История одной страсти - Поттер Патриция (читать хорошую книгу полностью .txt) 📗
— Его уже пора отпускать, да? — встревожено спросил Ноэль.
Фэнси взглянула на сына и улыбнулась:
— Да, уже пора. — И, увидев его приунывшее лицо, добавила: — Подождем еще пару недель, пока окончательно не убедимся, что он сможет позаботиться о себе.
Мальчик кивнул. Раньше он умолял мать оставлять зверей, которым они давали приют у себя. Но, повзрослев, понял, что диким животным лучше на свободе, в лесу, вдали от людей. Да и отец ни за что не позволил бы им этого.
Джон со снисхождением относился к увлечениям жены, но беспокоился, что звери, которых она приручала, могут покусать ее, а Ноэль и его трехлетняя сестренка Эми слишком привяжутся к животным, никогда не знавшим жизни в неволе.
Дети действительно близко к сердцу принимали судьбу зверей, нуждавшихся в помощи, поэтому на ферме постоянно обитали пушистые четвероногие питомцы.
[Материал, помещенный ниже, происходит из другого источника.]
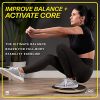 URBNFit Balance Board - Core Trainer - Increase Stability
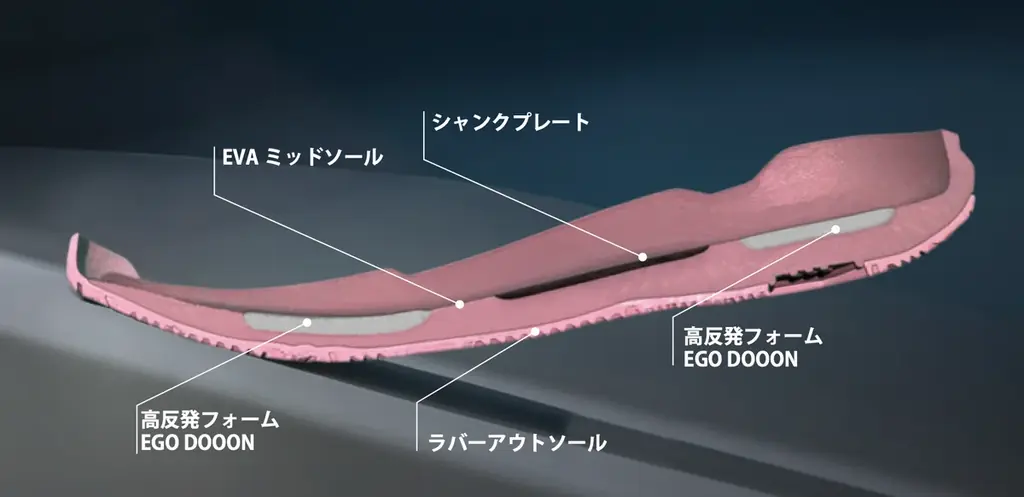 EGOZARUから瀬川琉久シグネチャーモデル「RIKU 1」発売決定 画像 9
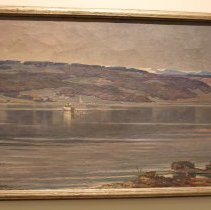 Gray Dawn (or Seine Fishermen)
Джон обычно покорялся неизбежному, ворча под нос, и никогда всерьез не упрекал Фэнси. Но оставить в доме лиса? Нет, он никогда не согласится на это, и Фэнси признавала, что в этом случае муж будет прав. Она была благодарна и за то, что он позволил ей ухаживать за лисенком так долго и даже построил ему вольер у задней стены дома.
Джон Марш был хорошим человеком с великодушным и добрым сердцем. Фэнси знала об этом с самой первой их встречи, когда, после смерти отца, он спас ее и шестилетнюю Фортуну от ужасной участи. Она была всего лишь пятнадцатилетней дикаркой, выросшей в лесной глуши, но он не колеблясь предложил ей выйти за него замуж, понимая, что это ее единственный путь к спасению.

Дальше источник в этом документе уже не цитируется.